>>>

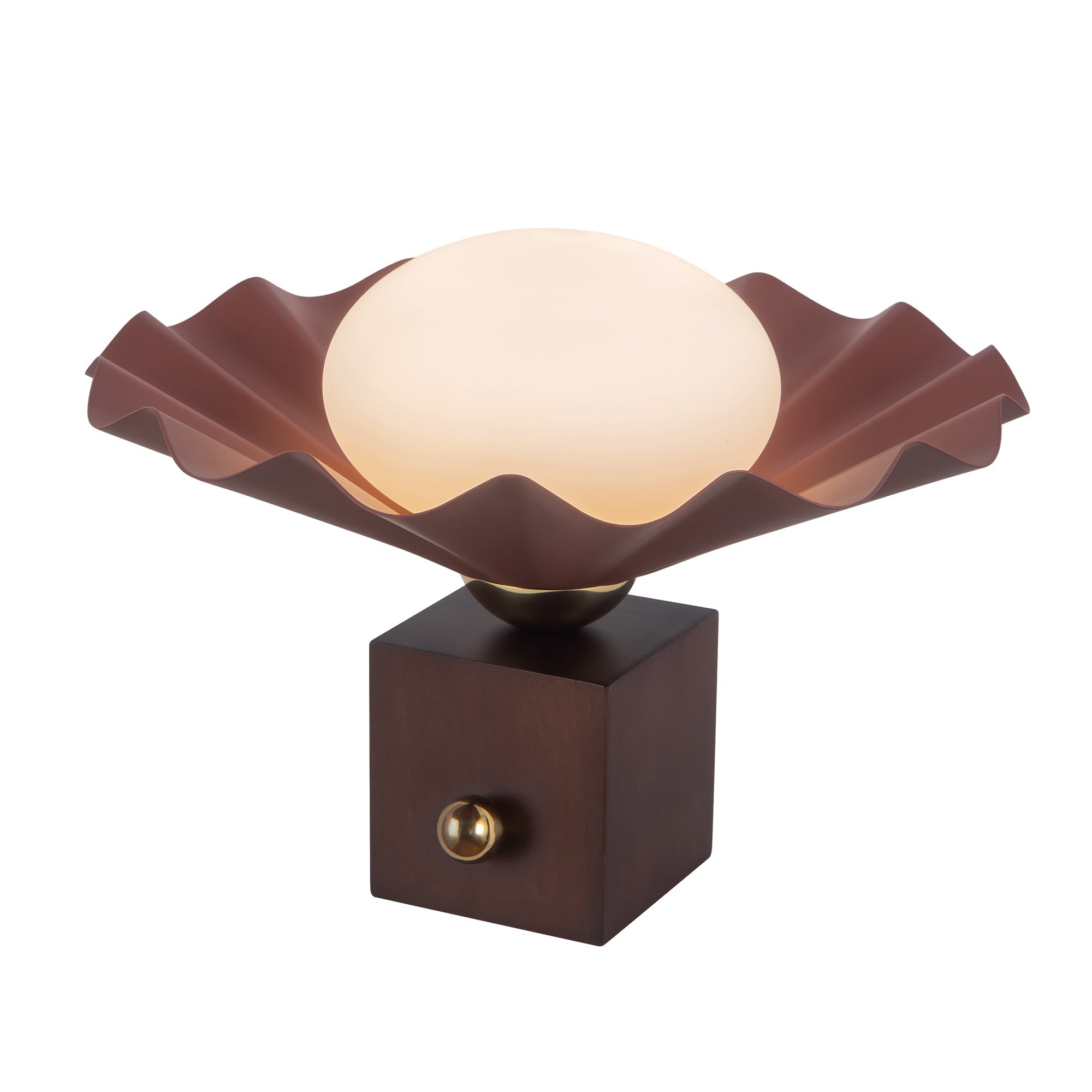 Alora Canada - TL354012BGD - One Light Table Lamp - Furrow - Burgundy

<<<
>>>

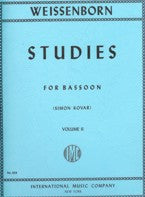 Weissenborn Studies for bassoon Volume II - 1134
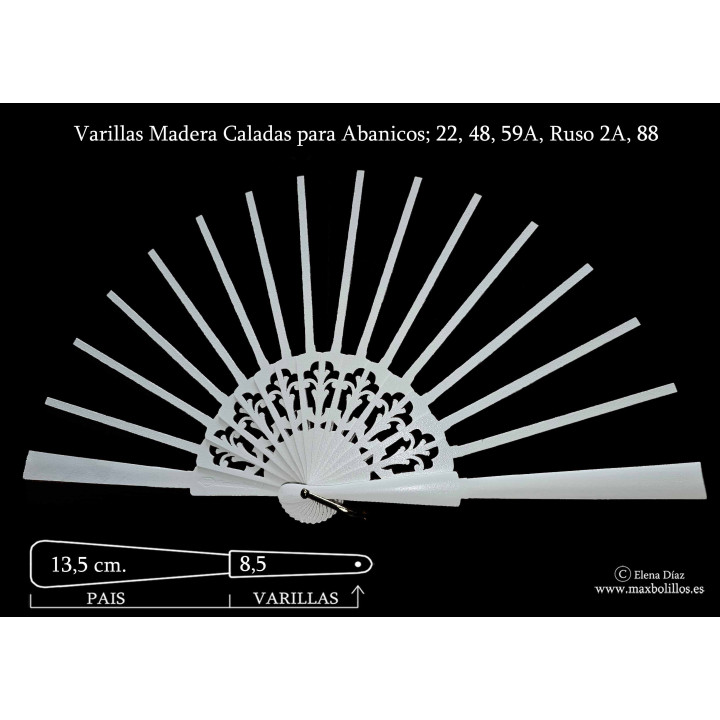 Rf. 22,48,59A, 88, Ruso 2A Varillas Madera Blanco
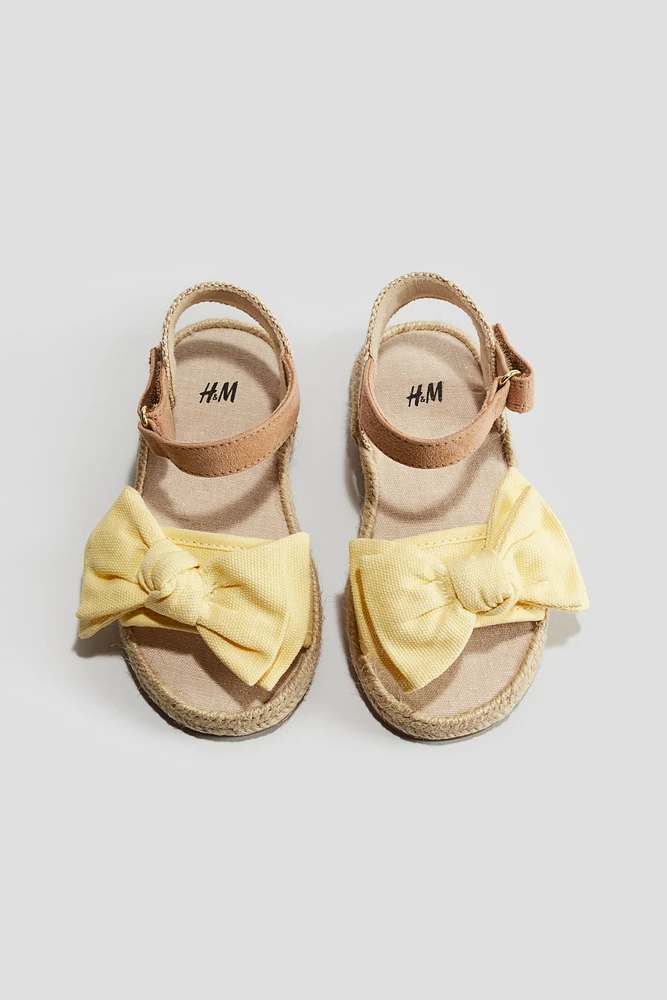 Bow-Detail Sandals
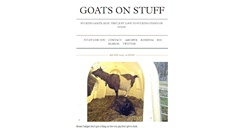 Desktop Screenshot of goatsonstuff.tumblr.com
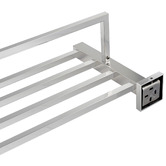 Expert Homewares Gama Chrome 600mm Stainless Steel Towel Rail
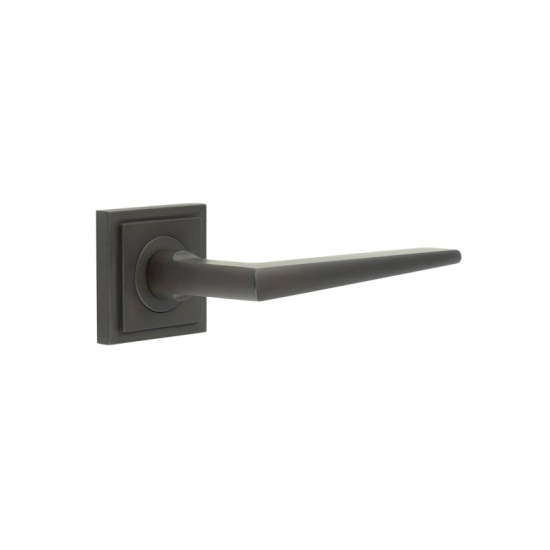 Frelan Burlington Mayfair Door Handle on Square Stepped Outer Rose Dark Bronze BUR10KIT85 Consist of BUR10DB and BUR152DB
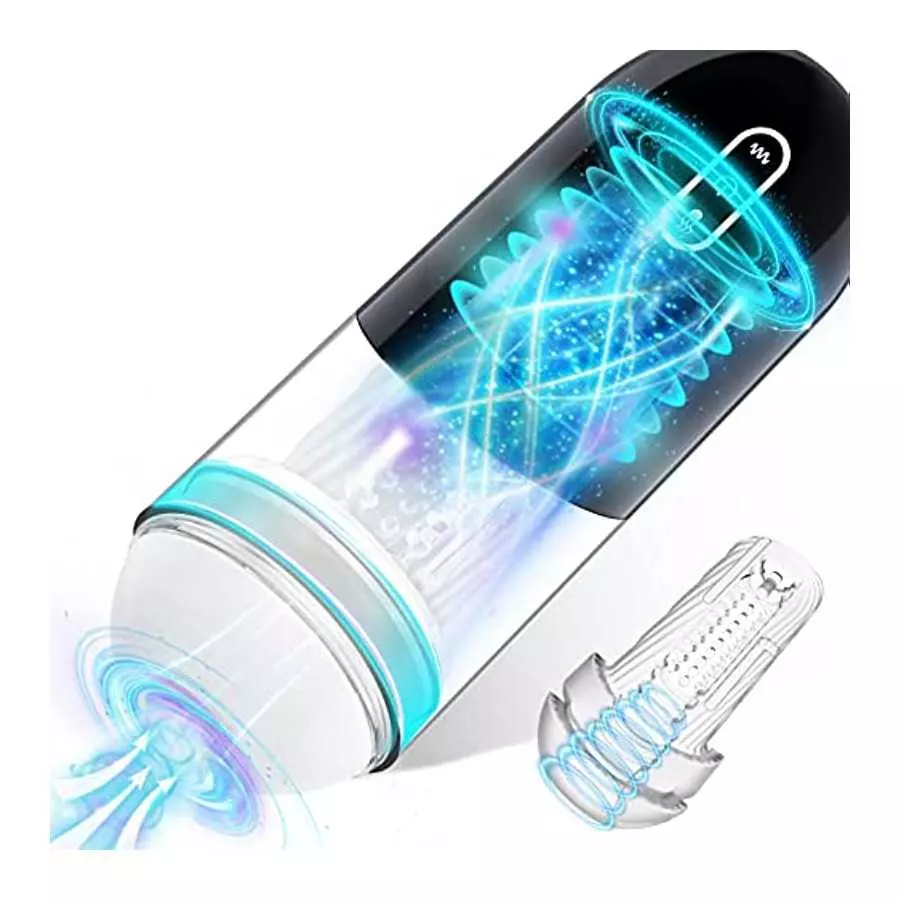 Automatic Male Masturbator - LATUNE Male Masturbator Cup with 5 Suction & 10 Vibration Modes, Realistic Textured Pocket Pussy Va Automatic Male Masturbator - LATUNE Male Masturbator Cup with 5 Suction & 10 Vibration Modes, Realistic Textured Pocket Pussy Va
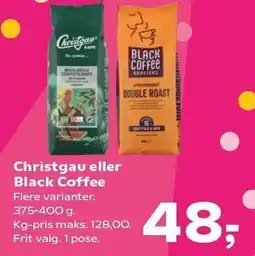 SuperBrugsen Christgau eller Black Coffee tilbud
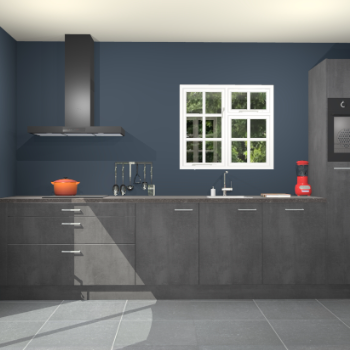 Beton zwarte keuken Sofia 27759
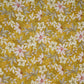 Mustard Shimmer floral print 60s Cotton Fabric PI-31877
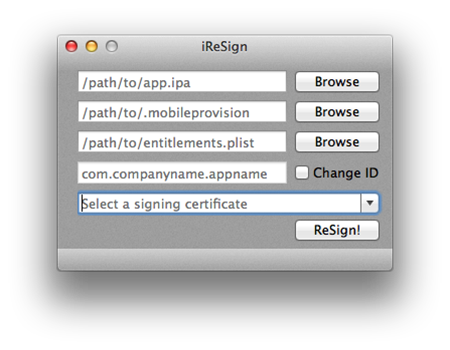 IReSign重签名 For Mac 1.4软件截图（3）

<<<

> Problem requirements
Copy exactly the part of the material above that opens with the line containing "Expert Homewares Gama" and closes with the line containing "Beton zwarte keuken Sofia 27759", ends included. Drop the images.

> Response to the task
 Expert Homewares Gama Chrome 600mm Stainless Steel Towel Rail
 Frelan Burlington Mayfair Door Handle on Square Stepped Outer Rose Dark Bronze BUR10KIT85 Consist of BUR10DB and BUR152DB
 Automatic Male Masturbator - LATUNE Male Masturbator Cup with 5 Suction & 10 Vibration Modes, Realistic Textured Pocket Pussy Va Automatic Male Masturbator - LATUNE Male Masturbator Cup with 5 Suction & 10 Vibration Modes, Realistic Textured Pocket Pussy Va
 SuperBrugsen Christgau eller Black Coffee tilbud
 Beton zwarte keuken Sofia 27759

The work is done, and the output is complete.